Но это ещё не ад, это только его преддверие. Настоящий ад начинается за колючей проволокой.

Из заявления вернувшего из плена красноармейца Мицкевича А. П. 5 марта 1920 года:

«По прибытии в лагерь нас поместили в холодный барак вместе с другими военнопленными. В бараке нас окружила толпа голых, оборванных и совершенно изголодавшихся людей, похожих на скелеты, с просьбой — нет ли у кого из нас, прибывших, хлеба. Немного позже выяснилось, что пища в лагерях выдаётся такая, что ни один самый здоровый человек не сумеет просуществовать более или менее продолжительное время. Состоит она из небольшой порции чёрного хлеба, весом около 1/2 фунта, одного черепка в день супа. Похожего скорее на помои, чем на суп, и кипятку. В большинстве случаев эти помои, имеющие название супа, выдаются несолёные. На почве голода и холода заболевания доходят до невероятных размеров. Медицинской помощи никакой… Десятки людей помирают ежедневно…».

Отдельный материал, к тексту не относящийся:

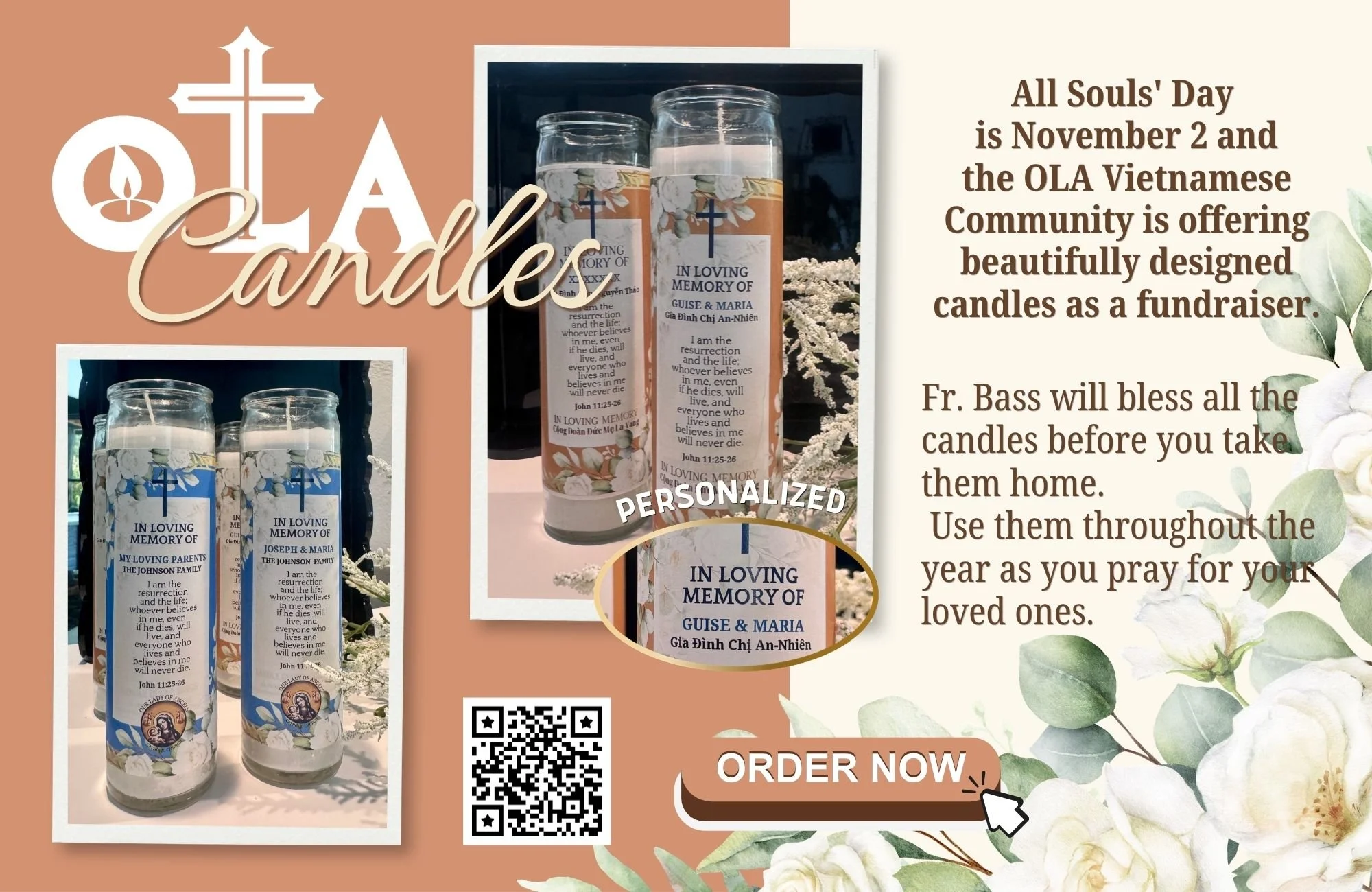 All Souls' Day Candles FOR SALE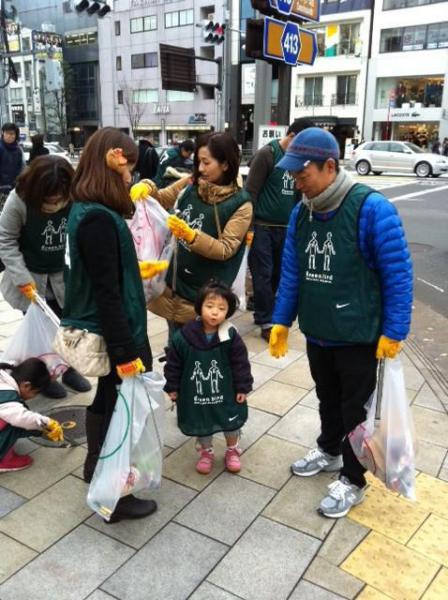 表参道クリスマスクリーンアップ大作戦2012画像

Из заявления бежавшего из плена Фридкина М., взятого в плен 5 марта 1919-го года (ещё задолго до неудачливого наступления Тухачевского на Варшаву):

«Как только нас привели туда, комендант обратился к нам с такой речью: „Вы, большевики, хотели отобрать наши земли у нас, — хорошо, я вам дам землю. Убивать вас я не имею права, но я буду так кормить, что вы сами подохнете“. И действительно, несмотря на то, что мы до этого двое суток хлеба не получали, мы и в тот же день такого не получили, мы питались только картофельной шелухой, продавали последние рубахи за кусок хлеба, легионеры нас за это преследовали и, видя, как собирают или варят ту шелуху, разгоняли нагайками, а те, которые из-за слабости не убегали вовремя, бывали избиваемы до полусмерти.

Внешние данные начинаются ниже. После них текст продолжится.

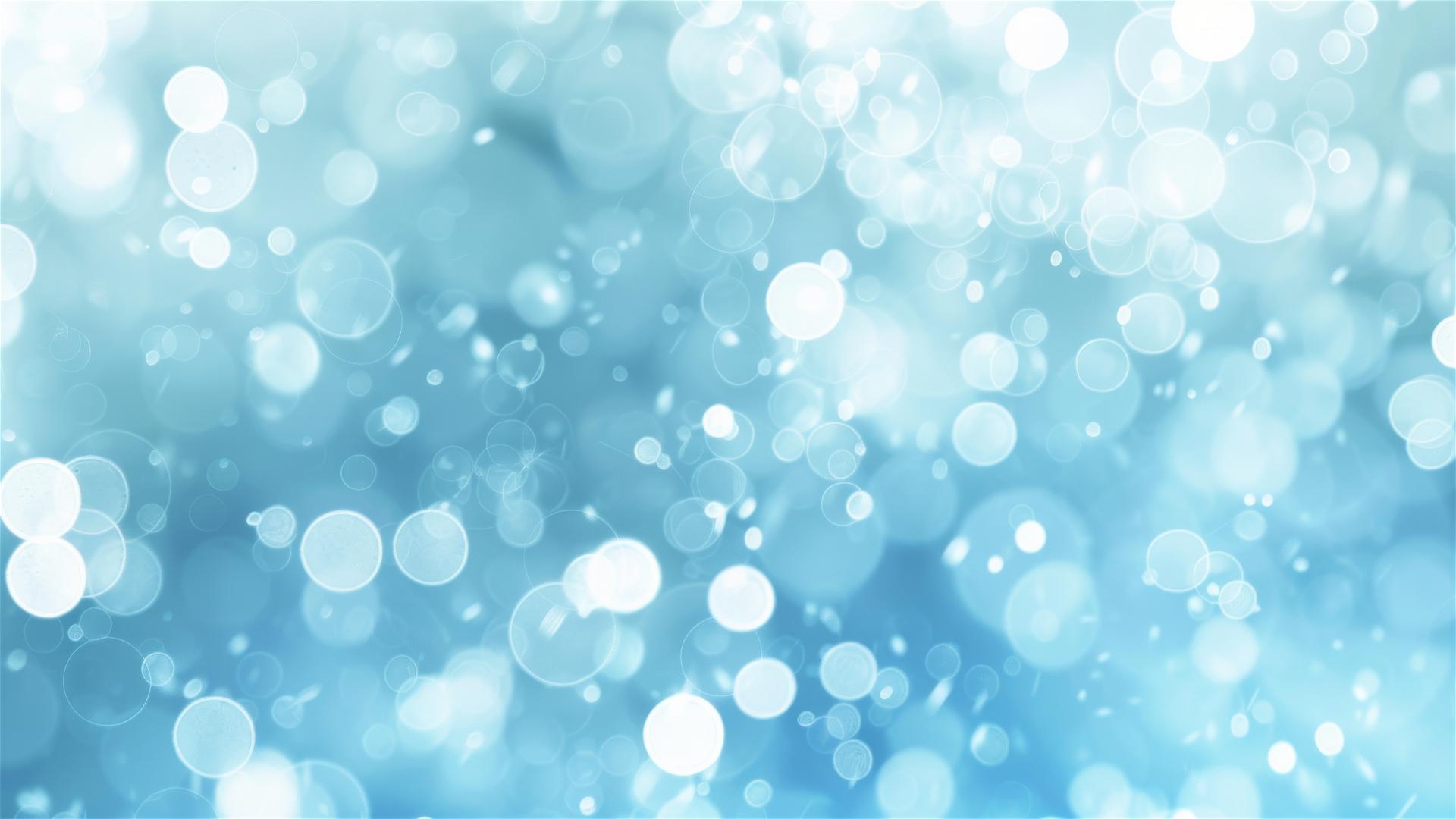 Light blue bulletin board background with bokeh effect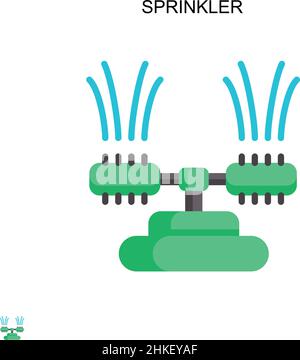 Sprinkler Simple vector icon. Illustration symbol design template for web mobile UI element. Stock Vector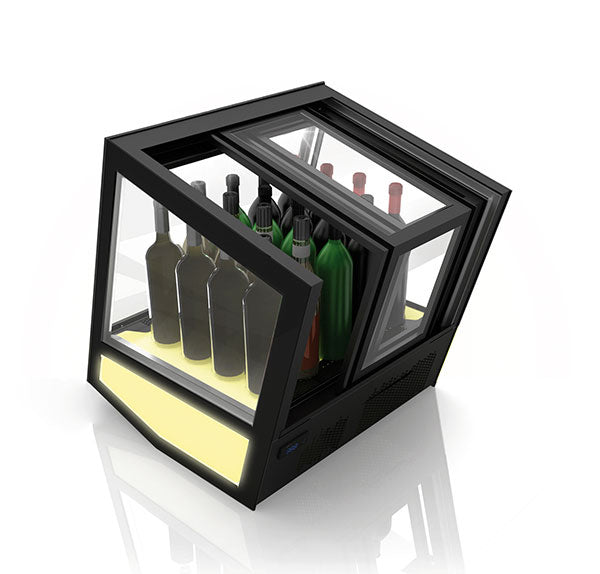 Expositor de Balcão Sayl Refrigerado QBO Line QBO-L (Dim.: 620Lx670Px670A)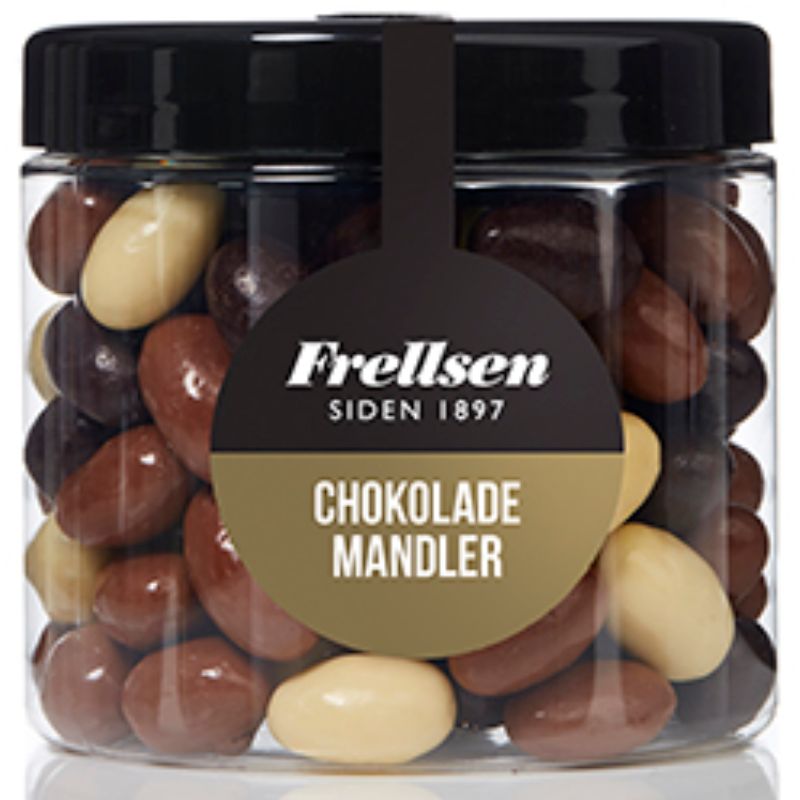 Frellsen - Chokolade mandler 450g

13 дней мы хлеба не получали, на 14-й день, это было в конце августа, мы получили около 4 фунтов хлеба, но очень гнилого, заплесненного; все на него, конечно, с жадностью набросились, и заболевания, бывшие и до этого времени, но не в большом количестве, усилились (с 7000 пленных невозможно было найти санитаров), больных не лечили, и они умирали десятками. В сентябре 1919 г. умирало до 180 человек в день, никакой медицинской помощи нам не оказывали… В последнее время (около ноября) приезжала комиссия, но это тоже оказало мало помощи…».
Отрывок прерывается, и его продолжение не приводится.